Ende der 50er-Jahre
war der sogenannte “Mecki-Haarschnitt” bei kleinen Jungs angesagt. Er bezog sich auf die bekannte Comicfigur und glich einem amerikanischen GI-Schnitt. Das heißt, die Haare wurden sehr kurz geschnitten und standen senkrecht nach oben. Auch ich wollte das als ca. Achtjähriger und ließ mich mutig beim Friseur darauf ein. Aber leider, leider. Bei mir standen die Haare nicht senkrecht nach oben, sondern lagen platt auf meinem Kopf. Meine Mutter sagte: „Du siehst aus wie ein verhungertes Russenkind!“ Woher hatte sie diese Information?
Friseur “Rudel”
Der Friseur im Rastatter Dörfel, in der Nachbarschaft der „Kaserne“, war Rudolf „Rudel“ Dotzauer. Alle gingen zu ihm. Ein Haarschnitt für mich als Kind und Jugendlicher kostete 1,70 DM, Trinkgeld gab es keines. Den Haarschnitt nannte man Fasson, er war an den Seiten sehr kurz und hatte einen Seitenscheitel. Bevor man den Friseursalon verließ, wurde man mit Kölnisch Wasser eingenebelt. Erst dann konnte man unter größter Vorsicht den Laden verlassen: „Hoffentlich sieht mich keiner!”
Zuhause angekommen, waren die Kommentare immer vernichtend: „Ah, wieder ein Hitlerjungen-Schnitt!“
Erlösung
Mit 14 kam dann die Erlösung. Ich durfte einen anderen Friseursalon „in der Stadt“ aufsuchen und mir einen sogenannten „Rundschnitt“, in der Familie auch „Franzosen-Schnitt“, machen lassen, das heißt mit Haaren bis in den Nacken und mit „Koteletten“. Stolz posierte ich vor dem Spiegel. Meine vormals französisch verheiratete Tante kommentierte: „Sieht toll aus!“
Ich war vom Status des Kindes in den des Jugendlichen aufgestiegen.
Foto aus meinem Wehrpass; erstellt ca 1967
Jahrelang war dann ein Friseur-Besuch überhaupt nicht mehr angesagt. Man schnitt sich die Haare selbst, wenn überhaupt.
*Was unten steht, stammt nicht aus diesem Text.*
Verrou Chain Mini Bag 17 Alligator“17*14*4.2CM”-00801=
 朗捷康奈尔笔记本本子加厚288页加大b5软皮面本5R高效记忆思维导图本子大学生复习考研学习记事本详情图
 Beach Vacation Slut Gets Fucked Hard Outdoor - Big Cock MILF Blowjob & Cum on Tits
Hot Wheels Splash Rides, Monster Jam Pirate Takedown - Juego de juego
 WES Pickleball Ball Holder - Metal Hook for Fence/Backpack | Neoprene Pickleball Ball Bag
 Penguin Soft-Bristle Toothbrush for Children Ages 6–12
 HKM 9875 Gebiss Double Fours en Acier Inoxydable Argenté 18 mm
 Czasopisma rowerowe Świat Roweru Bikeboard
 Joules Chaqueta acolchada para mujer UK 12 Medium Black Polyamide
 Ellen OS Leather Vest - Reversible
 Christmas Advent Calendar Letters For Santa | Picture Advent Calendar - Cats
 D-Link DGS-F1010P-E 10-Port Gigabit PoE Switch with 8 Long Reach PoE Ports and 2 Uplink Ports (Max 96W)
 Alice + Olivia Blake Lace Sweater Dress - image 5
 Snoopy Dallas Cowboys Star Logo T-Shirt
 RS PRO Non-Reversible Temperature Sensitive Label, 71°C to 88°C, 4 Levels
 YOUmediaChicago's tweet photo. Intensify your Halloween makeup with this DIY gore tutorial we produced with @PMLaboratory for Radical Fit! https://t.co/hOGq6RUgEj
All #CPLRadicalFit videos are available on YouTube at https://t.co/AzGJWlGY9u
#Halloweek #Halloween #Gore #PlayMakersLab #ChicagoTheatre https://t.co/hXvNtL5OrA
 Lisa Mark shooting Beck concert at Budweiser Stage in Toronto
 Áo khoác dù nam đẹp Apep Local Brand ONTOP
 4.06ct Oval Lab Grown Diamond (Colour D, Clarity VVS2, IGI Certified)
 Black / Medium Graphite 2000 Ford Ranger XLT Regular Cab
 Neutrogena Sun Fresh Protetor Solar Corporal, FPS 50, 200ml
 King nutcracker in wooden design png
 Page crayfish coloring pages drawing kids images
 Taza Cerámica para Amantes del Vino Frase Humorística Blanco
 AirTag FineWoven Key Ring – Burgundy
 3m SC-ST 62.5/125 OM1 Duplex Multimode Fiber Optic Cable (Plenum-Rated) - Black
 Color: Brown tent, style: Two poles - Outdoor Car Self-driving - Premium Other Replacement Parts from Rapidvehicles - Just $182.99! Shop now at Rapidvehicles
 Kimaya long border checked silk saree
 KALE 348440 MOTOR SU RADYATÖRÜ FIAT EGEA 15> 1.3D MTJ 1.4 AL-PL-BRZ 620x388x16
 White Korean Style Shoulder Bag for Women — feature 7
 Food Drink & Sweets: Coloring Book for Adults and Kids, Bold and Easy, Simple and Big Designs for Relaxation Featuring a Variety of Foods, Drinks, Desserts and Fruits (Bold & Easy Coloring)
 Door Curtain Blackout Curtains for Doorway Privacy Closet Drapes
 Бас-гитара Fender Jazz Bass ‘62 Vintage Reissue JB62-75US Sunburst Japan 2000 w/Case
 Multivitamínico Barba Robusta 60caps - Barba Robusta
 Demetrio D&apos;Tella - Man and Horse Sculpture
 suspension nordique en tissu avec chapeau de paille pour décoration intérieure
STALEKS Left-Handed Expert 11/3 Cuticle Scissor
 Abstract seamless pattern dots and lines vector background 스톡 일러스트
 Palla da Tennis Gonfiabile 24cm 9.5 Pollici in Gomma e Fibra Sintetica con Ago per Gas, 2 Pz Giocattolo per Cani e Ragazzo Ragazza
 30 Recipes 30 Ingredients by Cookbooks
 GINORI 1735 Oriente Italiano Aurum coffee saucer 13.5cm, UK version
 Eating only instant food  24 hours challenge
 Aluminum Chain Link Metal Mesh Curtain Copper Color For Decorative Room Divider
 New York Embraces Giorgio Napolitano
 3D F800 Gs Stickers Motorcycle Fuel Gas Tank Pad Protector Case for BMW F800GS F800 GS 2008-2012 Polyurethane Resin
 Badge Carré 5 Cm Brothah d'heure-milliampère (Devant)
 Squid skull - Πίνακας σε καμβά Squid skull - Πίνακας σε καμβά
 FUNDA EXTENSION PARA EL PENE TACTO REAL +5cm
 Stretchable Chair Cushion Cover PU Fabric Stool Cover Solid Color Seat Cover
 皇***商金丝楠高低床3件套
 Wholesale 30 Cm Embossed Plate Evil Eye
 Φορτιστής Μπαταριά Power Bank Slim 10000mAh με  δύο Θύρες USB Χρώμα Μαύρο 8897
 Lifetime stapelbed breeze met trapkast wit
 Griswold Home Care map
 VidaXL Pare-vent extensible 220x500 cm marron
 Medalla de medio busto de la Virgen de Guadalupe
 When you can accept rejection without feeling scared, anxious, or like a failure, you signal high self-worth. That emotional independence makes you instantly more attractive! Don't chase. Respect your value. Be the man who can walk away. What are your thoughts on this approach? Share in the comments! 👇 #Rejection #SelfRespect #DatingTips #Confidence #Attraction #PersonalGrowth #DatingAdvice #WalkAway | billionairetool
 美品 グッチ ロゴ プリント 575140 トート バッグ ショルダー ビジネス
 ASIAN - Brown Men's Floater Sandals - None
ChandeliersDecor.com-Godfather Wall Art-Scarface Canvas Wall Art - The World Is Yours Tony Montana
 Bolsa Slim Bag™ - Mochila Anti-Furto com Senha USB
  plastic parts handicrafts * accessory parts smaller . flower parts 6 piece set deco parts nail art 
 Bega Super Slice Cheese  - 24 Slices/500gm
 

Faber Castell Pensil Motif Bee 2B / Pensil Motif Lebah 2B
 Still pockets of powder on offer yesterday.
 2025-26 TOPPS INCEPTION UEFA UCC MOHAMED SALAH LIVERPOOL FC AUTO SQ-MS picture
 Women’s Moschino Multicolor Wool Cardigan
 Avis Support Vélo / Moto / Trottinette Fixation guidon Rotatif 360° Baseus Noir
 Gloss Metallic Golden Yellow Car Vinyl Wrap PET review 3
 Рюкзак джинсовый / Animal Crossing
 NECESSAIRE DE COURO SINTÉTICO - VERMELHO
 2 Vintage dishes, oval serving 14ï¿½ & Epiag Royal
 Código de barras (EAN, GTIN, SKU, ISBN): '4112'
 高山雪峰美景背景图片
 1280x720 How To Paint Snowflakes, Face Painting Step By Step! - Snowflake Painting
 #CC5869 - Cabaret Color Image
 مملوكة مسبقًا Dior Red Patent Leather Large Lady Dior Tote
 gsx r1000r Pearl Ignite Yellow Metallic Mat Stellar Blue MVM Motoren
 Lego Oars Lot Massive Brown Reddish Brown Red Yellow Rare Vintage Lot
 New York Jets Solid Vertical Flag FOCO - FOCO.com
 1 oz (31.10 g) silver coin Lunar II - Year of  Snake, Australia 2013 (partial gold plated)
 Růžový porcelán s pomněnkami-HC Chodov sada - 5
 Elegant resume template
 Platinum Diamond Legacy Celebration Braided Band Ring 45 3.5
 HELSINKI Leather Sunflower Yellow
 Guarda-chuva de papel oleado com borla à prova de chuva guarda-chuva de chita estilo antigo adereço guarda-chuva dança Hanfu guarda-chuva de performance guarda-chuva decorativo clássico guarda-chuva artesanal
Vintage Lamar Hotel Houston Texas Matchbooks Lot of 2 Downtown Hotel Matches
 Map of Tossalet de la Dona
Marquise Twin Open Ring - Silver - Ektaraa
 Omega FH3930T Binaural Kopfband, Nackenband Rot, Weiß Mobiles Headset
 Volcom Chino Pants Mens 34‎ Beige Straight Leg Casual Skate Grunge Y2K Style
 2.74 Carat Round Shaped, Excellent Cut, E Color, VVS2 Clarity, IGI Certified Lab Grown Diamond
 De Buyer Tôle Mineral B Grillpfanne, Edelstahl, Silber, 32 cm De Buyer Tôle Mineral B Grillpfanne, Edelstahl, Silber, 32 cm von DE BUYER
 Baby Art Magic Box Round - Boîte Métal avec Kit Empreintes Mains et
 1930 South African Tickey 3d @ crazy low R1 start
Wild und gefährlich war das Leben geworden.
Nachtrag
Jahrzehnte später, als ich bereits in der Moosbergstraße in Darmstadt wohnte, habe ich mir in der nahegelegenen Cambrai-Fritsch-Kaserne, die von einer amerikanischen Einheit bezogen worden war, im Barber-Shop einen originalen GI-Haircut machen lassen. Bilder davon gibt es nicht. (Ist wohl auch besser so.)
Epilog
Einen Tag, nachdem ich diesen Beitrag geschrieben habe, sitze ich bei meinem „Hausfriseur“ in Darmstadt und erhalte die schreckliche Nachricht, dass der Salon im August für immer schließt, da sich kein Nachfolger gefunden habe.
Damit endet eine über 40jährige Geschäftsbeziehung und ich muss mich wieder auf die Suche machen Aber Rettung naht: Seine Mitarbeiterin, die mir ebenfalls immer wieder meine Haare zu meiner (und Sabines) voller Zufriedenheit schnitt, wechselt in einen anderen Salon in Darmstadt und nimmt mich gerne als Kunde mit. Ufff.